Kakesako notes: "Army 1st Lt. Ehren Watada is scheduled to face an Article 32 pretrial hearing at Fort Lewis, Wash., on Aug. 17. That hearing is equivalent to a preliminary hearing in a civilian criminal court, and is expected to last a few days."
The 17th is when the hearing is scheduled to begin. Remember Courage to Resist and ThankYouLt.org are calling for a "National Day of Education" on August 16th, the day before Ehren Watada would be due to "face a pre-trial hearing for refusing to deploy to Iraq." ThankYouLt.Org notes: "On August 16, the day prior to the hearing, The Friends and Family of Lt. Ehren Watada are calling for a 'National Day of Education' to pose the question, 'Is the war illegal?' This day can also serve to anchor a 'week of outreach' leading up to the pre-trial hearing."

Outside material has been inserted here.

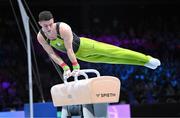 7 October 2023; Rhys McClenaghan of Ireland competes in the Men's Pommel Horse Final at the 2023 World Artistic Gymnastics Championships at the Antwerps Sportpaleis in Antwerp, Belgium. Photo by Filippo Tomasi/Sportsfile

Cindy Sheehan is in Crawford, TX with Camp Casey. Why? As Missy Comley Beattie (OpEdNews) writes: "Thousands of Iraqis are dying each month. Coalition troops are perceived not as liberators of grateful Iraqis free at last from the grip of a tyrant. Instead, we are occupiers and our incursion has unleashed sectarian violence that shows no sign of abating. Life is so bad in Iraq that its citizens long for the days when Saddam Hussein was in power." For those reasons and many more, Camp Casey III matters. Alison Sterling Nichols tells Chris Durant (The Times-Standard) that, "There are more people here than there were in the first few days last year."

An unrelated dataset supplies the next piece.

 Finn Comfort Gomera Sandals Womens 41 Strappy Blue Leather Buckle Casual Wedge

Today is day 37 of the Troops Home Fast action which will continue until September 21st. Today, 4, 549 people are taking part from across the world. Remember you can do a one-day fast, a one-day-a-week fast or longer. More information is available at Troops Home Fast.
With CNN reporting the results of their latest poll -- "Sixty percent of Americans oppose the U.S. war in Iraq, the highest number since polling on the subject began with the commencement of the war in March 2003" -- the sea of change on the Iraq war is obvious to all but the Bully Boys and Joe Liebermans.